Rudy kon van bij zijn debuut meer dan zijn mannetje staan : de eerste wedstrijd beëindigde hij op een meer dan verdienstelijke derde plaats en op het eind van zijn eerste wielerseizoen stonden zes overwinningen achter zijn naam vermeld. Vlot winnen bleek een constante zowel bij de nieuwelingen, juniores als liefhebbers.
Vooral door toedoen van Guido Reybrouck en Romain De Loof besliste de talentrijke Matthijs om in 1981 als prof te debuteren bij het bescheiden ploegje Fangio-Sapeco-Mavic. Aanvankelijk lag zijn werkterrein vooral in de toen nog populaire kermiswedstrijden. Ondanks de vrij moeilijke omstandigheden binnen dat kleine ploegje won Rudy in 1981 toch vijf wedstrijden. Dat had de aandacht getrokken van Lomme Driessens die een plaatsje vrijhield in de meer gerenommeerde Boule d’Orploeg. Financieel betekende dat een hele stap vooruit en ook sportief zat er met Freddy Maertens en Daniel Willems heel wat talent in die ploeg. Tijdens dat eerste jaar bij Driessens won Rudy Matthijs zowel de Grote Prijs van Fourmies als de Grote Prijs Poeske Scherens in Leuven.
Het tweede seizoen bij Boule d’Or was nog meer succesvol : winst in de Ronde van Limburg, ritzege in de Ronde van Luxemburg, de Leeuwse Pijl en vooral de ritzege in de Tour met aankomst in Roubaix. Als fervent supporter van Roger De Vlaeminck had Matthijs er altijd van gedroomd om in de voetsporen van zijn grote idool te kunnen treden en met winst in Roubaix werd die droom voor een groot stuk gerealiseerd.

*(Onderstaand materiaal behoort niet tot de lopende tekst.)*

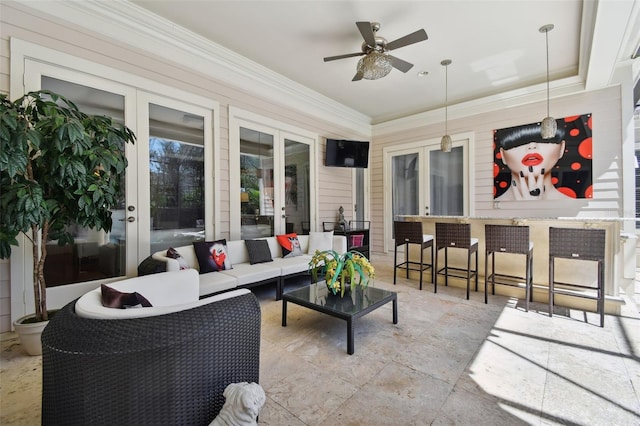 sunroom featuring ceiling fan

Nadat Rudy in 1984 in Koolskamp kampioen van Vlaanderen was geworden, beleefde hij zijn topseizoen in 1985 toen hij de kleuren van Hitachi-Splendor verdedigde. Na een veelbelovende etappezege in de Ronde van Zwitserland verbaasde Matthijs de internationale wielerwereld met drie ritzeges in de Ronde van Frankrijk, waaronder de slotetappe met de vermaarde aankomst op de Parijse Champs Elysées. Niemand kon toen vermoeden dat het beste van zijn carrière dan reeds voorbij zou zijn. Een aanvankelijk onschuldig lijkende valpartij tijdens een oefentrip in de duinen leidde in 1986 een ware martelgang in. Eerst leek er niets ernstigs aan de hand maar korte tijd nadien begon alle miserie. Bijna elke pedaaltred ging gepaard met vervelende pijn zodat het een klein mirakel is dat Rudy Matthijs het nog drie jaren uithield in het peloton. Grote prestaties werden echter niet meer geleverd. En tijdens het voorjaar van 1988 hield hij het, op amper 29-jarige leeftijd, noodgedwongen voor bekeken. Zonder die constante pijn in zijn zijde zou de erelijst van Rudy Matthijs er ongetwijfeld nog een stuk imposanter hebben uitgezien. Nu blijven vooral die drie ritzeges in de Tour 1985 op het netvlies van iedere Meetjeslandse wielerfan gebrand.
Na zijn sportieve loopbaan verdween Rudy volledig van het wielertoneel. Eerst als vrachtwagenchauffeur en later als bouwvakker kwam hij op een heel andere manier aan de kost.